IV. UN BESOIN ET UNE DOCTRINE D'EMPLOI QUI N'ONT PAS ÉTÉ CLAIREMENT DÉFINIS

La mission, au fil de son analyse, a pu constater que l'emploi des réserves en période de crise n'a finalement pas fait l'objet d'une réflexion approfondie. Aucune doctrine n'en définit l'usage, les limites et les conditions d'emploi.

L'absence de cadre juridique permettant la mobilisation des réservistes et leur emploi dans la durée explique sans doute l'absence de référence aux réserves dans la planification de crise ainsi que l'absence d'une doctrine d'emploi des réservistes. Cette lacune a pu à son tour légitimer l'absence de cadre juridique adapté.

La mission a découvert au fil de ses auditions qu'elle se posait des questions auxquelles ses interlocuteurs n'avaient pas de réponse préétablie et concertée.

Cette situation découle, semble-t-il, de l'absence de définition d'un besoin. Les armées comme les forces de police ont pris l'habitude de penser les scénarios de crise sans les réserves.

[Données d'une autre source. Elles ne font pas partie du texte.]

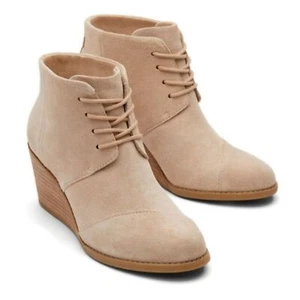 TOMS Hyde Sand Suede Wedge Boot, Size 7, NWT - Picture 1 of 11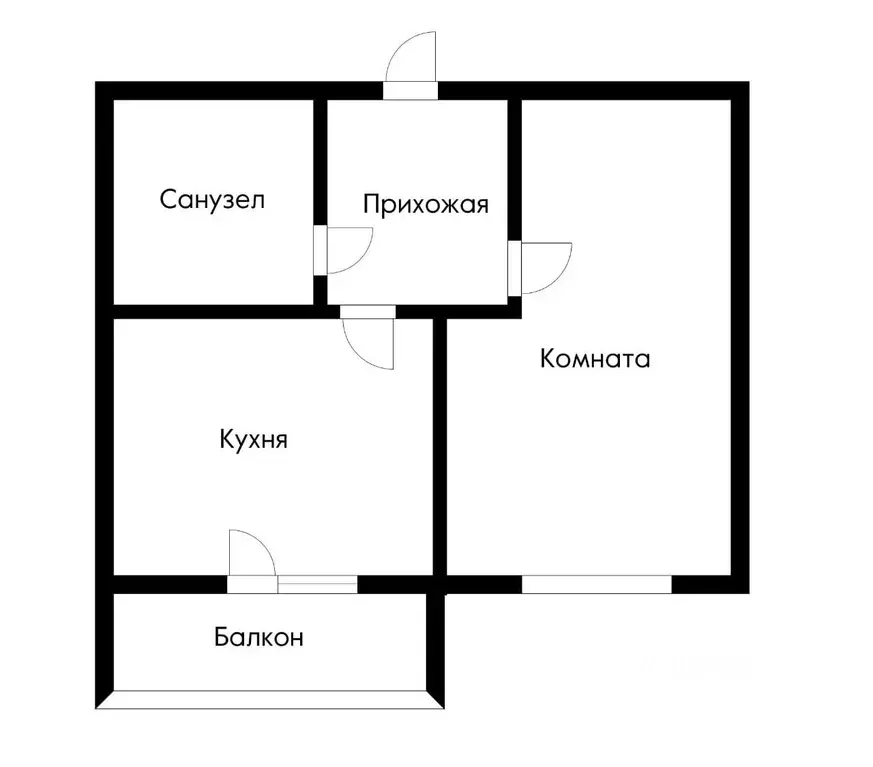 1-к кв. Краснодарский край, Краснодар ул. Генерала Трошева (32.6 м) - Фото 2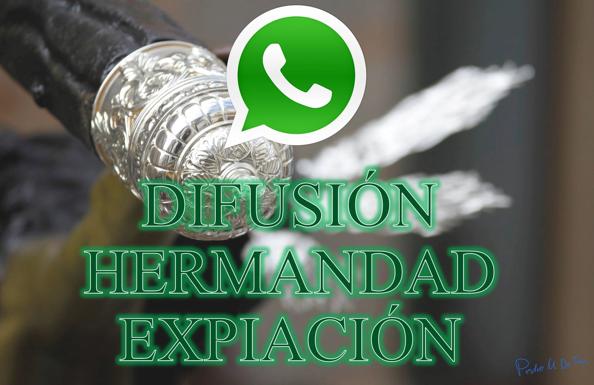 La Hermandad de la Expiación mantendrá informados a los hermanos a través de WhatsApp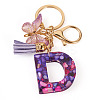 Resin Butterfly Pendant Keychains KEYC-TAC0034-03D-2
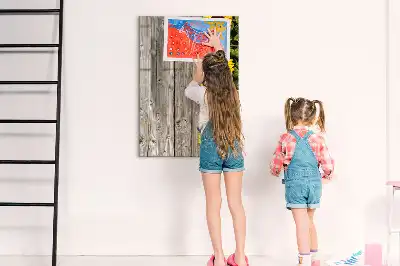Tablă cu marker cu model floarea-soarelui pe lemn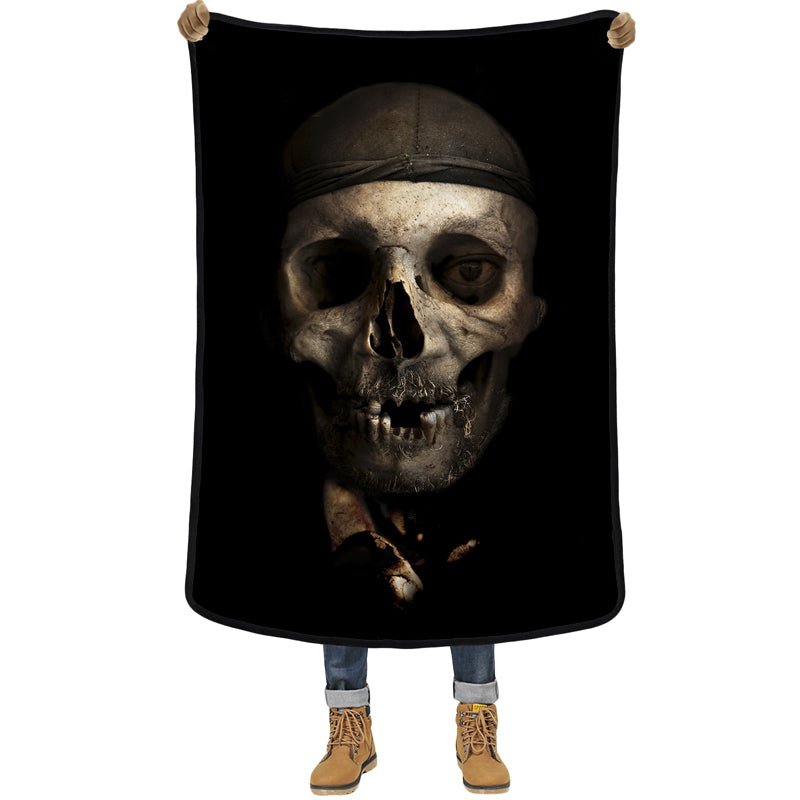 3D Blanket Clay Sculpture Skull 3D Quality Cover Comfortable Air Conditioning Soft Warm Thin Towel Blankets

C'est une des différences notables avec le système américain où les réserves : l'Armed Forces Reserve et les National Guards sont intégrés dans le dispositif de gestion de crise comme un des éléments de réponses des pouvoirs publics aux événements majeurs. Dans sa déclaration de l'état d'urgence du 14 septembre 2001 consécutive aux attaques terroristes, le Président des Etats-Unis a annoncé la mobilisation des réservistes disponibles en s'appuyant sur un cadre juridique lui permettant une mobilisation pouvant atteindre 1 000 000 d'hommes pour une période ne dépassant pas 24 mois.

En France, dans un contexte de profonde transformation des armées, les pouvoirs publics se sont peu souciés d'avoir un cadre juridique véritablement adapté à un événement majeur exigeant une mobilisation plus collective des réservistes.

L'absence de cadre juridique adapté rendant la présence des réservistes fiable explique, à son tour, que l'on ne trouve pas trace des réserves dans les publications interarmées (PIA) relatives aux concepts et doctrines d'organisation du commandement, de planification opérationnelle et d'emploi des forces, ni dans la famille des plans vigipirates, des plans blancs, ORSEC.

Comme l'a souligné le Préfet JOUNOT, directeur de la Planification de Sécurité Nationale dans une réponse à un questionnaire écrit de la mission à propos des réserves civiles : « Ces réserves sont de création récente. Lorsqu'elles pourront être recensées de façon fiable, identifiées et, le cas échéant, qu'elles auront montré leur utilité, elles seront intégrées dans les différentes planifications (plans communaux de sauvegarde, planifications départementales ou zonales) et deviendront un outil nécessaire de la gestion de crise majeure. ».

Sans doute cette absence de formalisation est-elle compréhensible pour les réserves civiles de faible effectif et de création récente, elle l'est moins concernant des armées qui dépensent chaque année un budget de près de 80 millions d'euros, voire le double si on intègre les coûts de gestion pour faire fonctionner ses réserves.

La mission a, en effet, été surprise de constater qu'il existait peu d'éléments de doctrine militaire qui permettent de dire -selon les scénarios de crise sur le territoire national ou selon les engagements multiples en opérations extérieures- combien de réservistes seraient nécessaires et pour quelle mission.

Le format des réserves militaires n'est lui-même, on l'a vu, que très théoriquement fondé sur les contrats opérationnels . La construction des cibles par les différentes armées intègre avant tout les effectifs passés, les capacités d'encadrement par les militaires d'active, les besoins en matière de lissage de l'activité et les contraintes budgétaires.

Dans un contexte de révision générale des politiques publiques et de réduction des effectifs, une réflexion approfondie sur les besoins quantitatifs et qualitatifs auxquels doivent répondre les réserves civiles et militaires apparaît nécessaire à la mission.